I've lived in West Laurel, MD for all of my 17.9/almost 18 years. It's home to 4,000 people, is rather green and leafy, and not actually that bad of a place to live, by the region's standards. It's by-and-large a bedroom community, with the exception being that the Washington Suburban Sanitary Commission (our water company, the 8th largest in the US) is headquartered here. To our east is I-95 and the city of Laurel, home to about 20,000 people. Laurel isn't anything special, just an average small city with much higher-than-should-be crime rates, underperforming schools, spectacularly overpriced real estate, and a really polluted 6 foot deep man-made lake. Laurel is somewhat known for being the place where George Wallace was shot in 1972, at the Laurel Shopping Center. A Bank of America stands today where this happened. And West Laurel has the distinction of having it's main road mentioned on the season finale of The X-Files' 3rd season.
We're almost squarely in the middle of Baltimore and Washington. Baltimore is ok, I would never live there, but I like visiting, especially the Inner Harbor. And it actually looks like a proper city, since there are no silly building height restrictions. Washington, OTOH, is the cruelest joke of a national capital I can think of.

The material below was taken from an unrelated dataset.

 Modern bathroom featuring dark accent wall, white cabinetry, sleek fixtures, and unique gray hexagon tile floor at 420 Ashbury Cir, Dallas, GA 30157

It has consistently ranked as one of the worst places in the country in terms of crime, traffic, and education. One part of Northeast DC has gotten so bad that they've had to close it down to general traffic. If you can't provide a good reason for being in the neighborhood, you're turned away and a description of your car and tag number is kept with city police. I avoid DC at all costs.
Talking about car culture, it's typical of the coasts. The import brands dominate the passenger car market, while the domestics rule the roost when it comes to large trucks and SUVs. The Tacoma outnumbers the GMT-355 twins on what seems like a 3:1 ratio, though the S-10 and Sonoma fare much better. Our market seems to be a pretty intense battleground between the Odyssey and Chrysler vans. They outsell every other minivan here, but it's difficult to tell which is actually the best seller. Chrysler seems determined not to concede this segment without a good fight.
Speaking of moving, I'd love to. I'm moving 74 miles to the north to attend college in York, PA, which is bound to be a nice change from the congested horrors of the Baltimore-DC area. I'm pretty much certain that when the time comes, I'll be relocating to somewhere in the Delaware Valley, but there's no doubt that I will move. The Delaware Valley is close enough that I can visit friends and family, but far enough away that I will only have to be bothered with Washington during election season. Delaware has also pretty much been my second home (granted, southern DE, not the New Castle County area), I have family in PA, and the area looks to be really nice, so it's not a difficult sell to me.